When it comes to technology, don’t rule this group out. This is the generation whose grandparents and parents embraced transformative changes in electricity, television, cars, and air travel, and most like the convenience that the internet, cable television, microwaves, and cellphones have to offer. A PEW Research Center survey demonstrated already by 2012 a rapid increase in internet use with more than half (53%) of seniors age 65 and older online; of those online 70% use the internet as part of a typical day compared with 82% of all adults using the internet using the internet in a typical day. Plus findings that 69% of seniors have a mobile phone and 1 in 3 of seniors online use social networking such as Facebook or Linkedin. By release of a similar report in 2014, PEW noted that in just about a year the numbers continued to rise with 59% of seniors going on line, 47% having high speed broadband use, and 77% having a cellphone. While the flip side represents the seniors left out with more work to do, the progress to date is encouraging.

6) Connectivity

When it comes to staying connected to loved ones, these seniors have embraced videoconferencing to see grandchildren and friends and are making new relationships online. Humana, a leader in the Medicare Advantage segment, documented this phenomenon in a 2012 study performed by a third party in which nearly 50 percent of grandparents agreed technology has brought them closer with their adult grandchildren; 20 percent of grandparents said they use Facebook to keep up with the profiles of their grandchildren on a regular basis; and younger grandparents (ages 65 – 74) were twice as likely as older grandparents to check in with grandchildren using this technology. The motivator is obviously the grandchildren in this case, but once technology is learned, we can see that if we keep it simple, these tools can translate well in healthcare to further accelerate the use of remote monitoring, electronic clinical and social needs check-ins, or digital healthcare visits.

7) Value

Like with any other group, it is important to recognize where on both the health and the spending continuum each individual sits. For some every dollar and penny matter in their ability to make ends meet. A fixed income with growing health issues may be chewing up 100% of what would be their disposable income or they may require public assistance and community support programs to have an equal shot at living in their homes as long as possible. Other seniors have paid off their houses, inherited money from the previous generation, and have the dollars to spend to stay in their homes, hire support services, or sell their homes to opt for senior resort-style living. These seniors, according to a recent Bloomberg story, account for approximately 70% of the overall disposable income consumers spend, creating a very large market for innovators to address. On a cautionary note, while there may appear to be money to burn, this is not the generation who grew up paying $4-$5 a day for a double mocha latte on their way to the office. Value out in terms of what they value for the dollar spent cannot be overemphasized.
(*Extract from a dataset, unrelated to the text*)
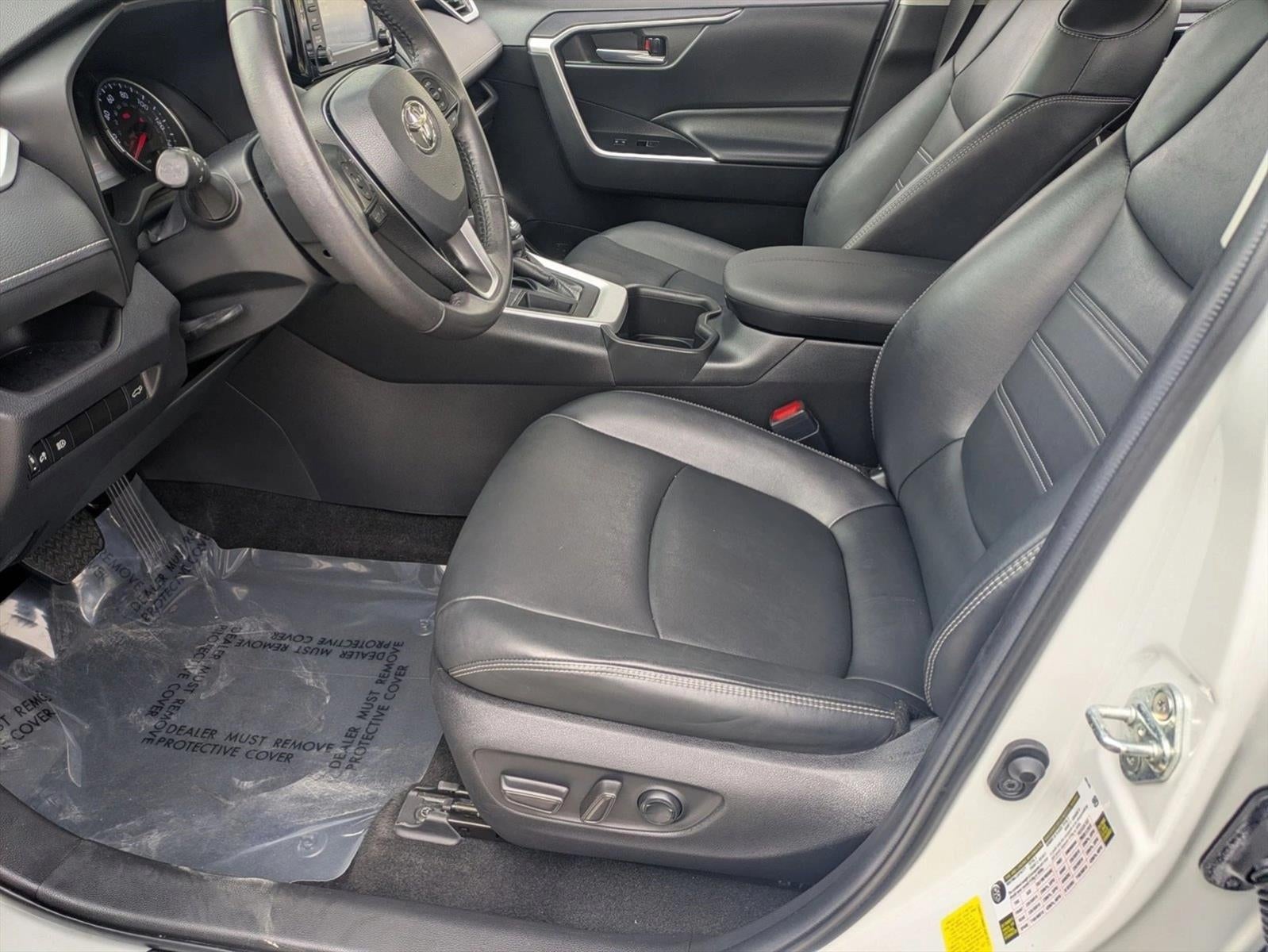 2022 Toyota RAV4 XLE Premium FWD (Natl)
8) Personalized goals & plans

When providing direct care services and innovating new solutions, don’t assume we know the answer to what equals value. Talk openly and ask seniors what their goals are, particularly important when it comes to end of life issues and advanced care planning. You may be surprised at what you hear. Take a recent story about a 90-year-old woman named Norma. Norma was recently diagnosed with ovarian cancer two days after her husband had passed away. She decided to forego medical treatment and instead go on what she deemed a trip of a lifetime with her family visiting national parks and monuments across the country. A picture’s worth a thousand words so look at Norma’s face and decide for yourself if Norma made the right choice. Seniors, and sometimes along with the loved ones that know them best, will make the right choices for themselves when empowered with information and options.